Coffee Bar: ‘Blood Parliament Documentary’ Screening and Reflection — When the Silence Felt Too Loud
On Tuesday evening, the room was quiet — not because there was nothing to say, but because we had just witnessed something that left us shaken. As the lights dimmed and the BBC Africa Eye documentary “Blood Parliament” played, the space at Coffee Bar transformed from a casual gathering to a collective reflection. A documentary meant to inform became a mirror. And no one left the same.

The film took us back to June 25th, 2024 — a day burned into memory. The chants, the defiance, the blood. Students, shopkeepers, Sunday school teachers — ordinary Kenyans whose lives were cut short in a moment meant to redefine democracy.
As the credits rolled, the conversation started. Slowly. Then all at once.
Many participants confessed that watching the documentary reopened emotional wounds. Some shared that it brought back haunting memories of being on the ground during the protests. “It could have been me,” one said. Others sat in silence until they could finally say, “It still hurts.”
Some felt the documentary succeeded in capturing the emotional weight of the moment, but lacked a solid call to action. Names like Rex Masai were painfully absent. “Where was the mention of those who became the faces of this revolution?” someone asked. “How do you spark a movement and then leave out its symbols?”
A few felt the timing was right — a powerful reminder ahead of a crucial election cycle.

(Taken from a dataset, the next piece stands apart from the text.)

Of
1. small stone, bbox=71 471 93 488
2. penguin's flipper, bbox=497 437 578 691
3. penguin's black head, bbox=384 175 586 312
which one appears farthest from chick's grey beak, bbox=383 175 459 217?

But others felt it came too late, too clean, too… safe. “The revolution already happened. Where was BBC when the fire was burning hottest?”

There were also sharp critiques of accessibility and reach. With most grassroots communities lacking smartphones or stable internet, some argued that the people most affected by the protest and its fallout may never even see the documentary. “It won’t reach the mama mboga who lost her son. It won’t reach the youth still healing in silence.”
One participant boldly said what many had only implied: “At the end of the day, BBC is a business. They’re selling stories. Not justice.” Others questioned the choice of voices in the film. Why were some individuals featured who hadn’t been visible on the frontlines? Why weren’t the families of the deceased given space to speak?
The fear was real. “I don’t think I’d march again,” one Gen Z participant said quietly. “This time, I watched the ambulances take away politicians while the wounded bled out. What’s the point?”
The room was heavy. But it wasn’t hopeless.
The conversation closed with a shared truth: our systems have failed us. The political class — regardless of side — has united in survival, not service. But so have we. In anger. In truth. In hope.
Someone said it best: “Come 2027, we drain the swamp.”
Coffee Bar isn’t about answers. It’s about awakening. And this week, we woke up to a reality many wanted to forget. Now that we remember, the real work begins.